**What you will do**
For the data below, retype word for word the lines from the one containing "I'm going to verify" through the one containing "So, reducing a"; drop the pictures.

**Available records**
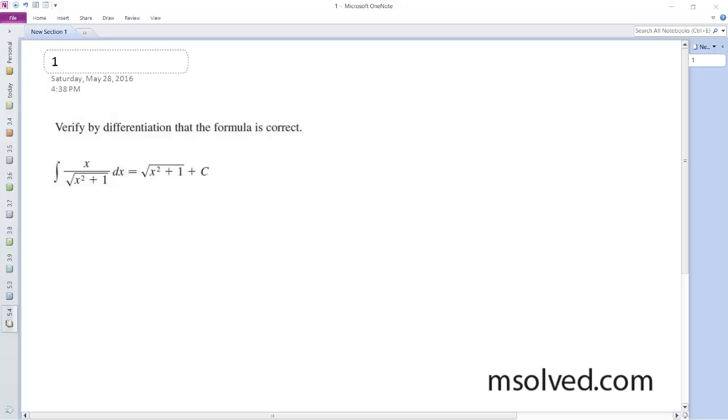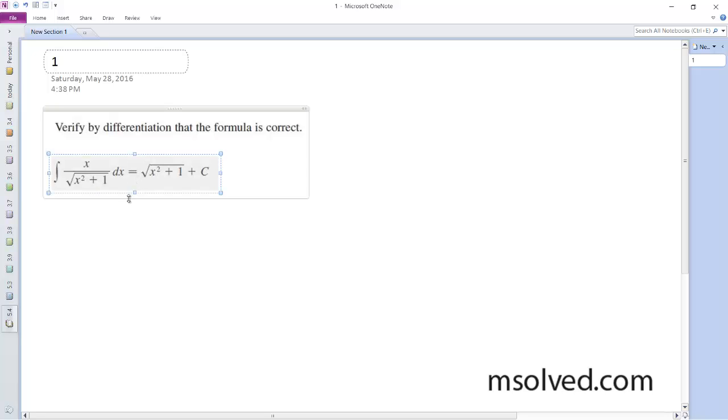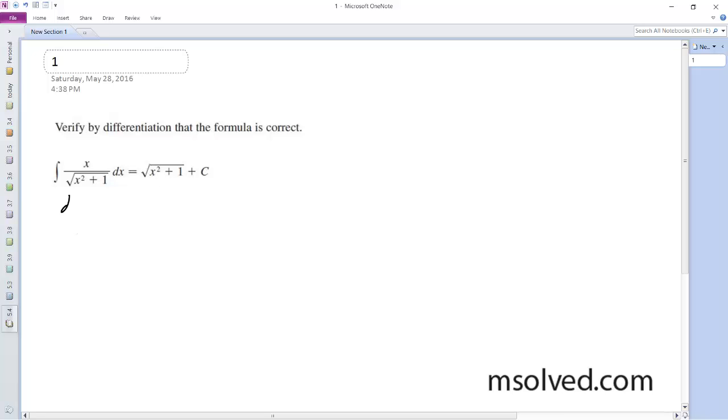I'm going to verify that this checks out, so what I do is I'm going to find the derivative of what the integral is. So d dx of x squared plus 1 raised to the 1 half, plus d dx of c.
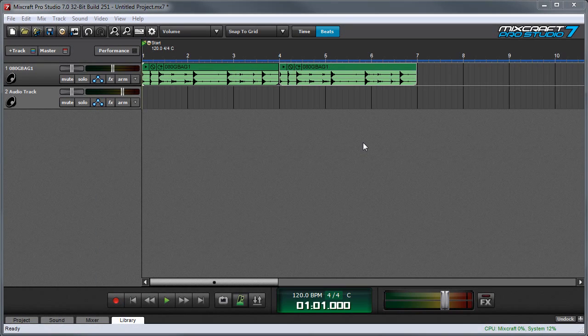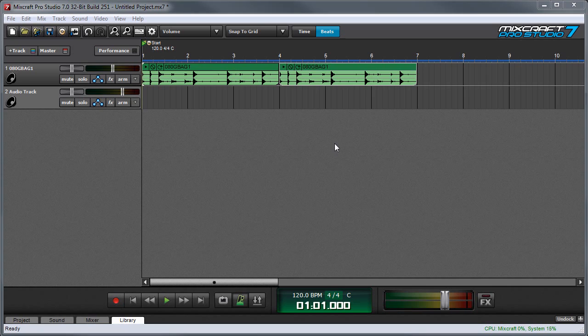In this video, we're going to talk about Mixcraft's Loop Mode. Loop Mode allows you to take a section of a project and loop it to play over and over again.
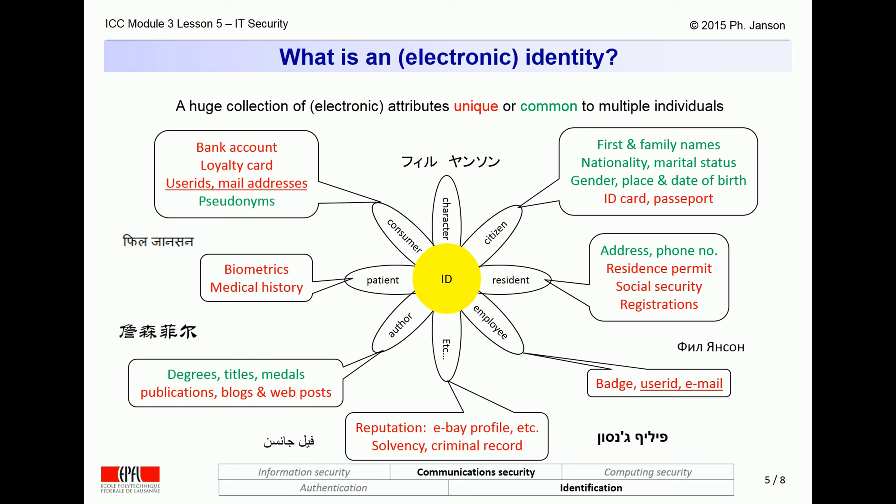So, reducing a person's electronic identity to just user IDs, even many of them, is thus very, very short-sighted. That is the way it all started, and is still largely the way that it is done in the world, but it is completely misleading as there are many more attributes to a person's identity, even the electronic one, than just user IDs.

* * *

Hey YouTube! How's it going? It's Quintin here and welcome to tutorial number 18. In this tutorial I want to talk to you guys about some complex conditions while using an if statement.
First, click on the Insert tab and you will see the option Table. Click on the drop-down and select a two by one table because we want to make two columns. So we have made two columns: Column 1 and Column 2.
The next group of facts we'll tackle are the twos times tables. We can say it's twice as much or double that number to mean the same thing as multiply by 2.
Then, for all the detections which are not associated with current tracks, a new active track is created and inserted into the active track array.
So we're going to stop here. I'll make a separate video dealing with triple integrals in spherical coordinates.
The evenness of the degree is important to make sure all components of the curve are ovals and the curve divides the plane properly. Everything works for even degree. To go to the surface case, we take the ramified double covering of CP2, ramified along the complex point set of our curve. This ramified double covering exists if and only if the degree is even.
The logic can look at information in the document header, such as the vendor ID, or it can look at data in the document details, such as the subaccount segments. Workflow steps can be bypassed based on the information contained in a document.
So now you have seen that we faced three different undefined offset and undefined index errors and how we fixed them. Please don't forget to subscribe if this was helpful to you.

**Output of the exercise**
I'm going to verify that this checks out, so what I do is I'm going to find the derivative of what the integral is. So d dx of x squared plus 1 raised to the 1 half, plus d dx of c.
In this video, we're going to talk about Mixcraft's Loop Mode. Loop Mode allows you to take a section of a project and loop it to play over and over again.
So, reducing a person's electronic identity to just user IDs, even many of them, is thus very, very short-sighted. That is the way it all started, and is still largely the way that it is done in the world, but it is completely misleading as there are many more attributes to a person's identity, even the electronic one, than just user IDs.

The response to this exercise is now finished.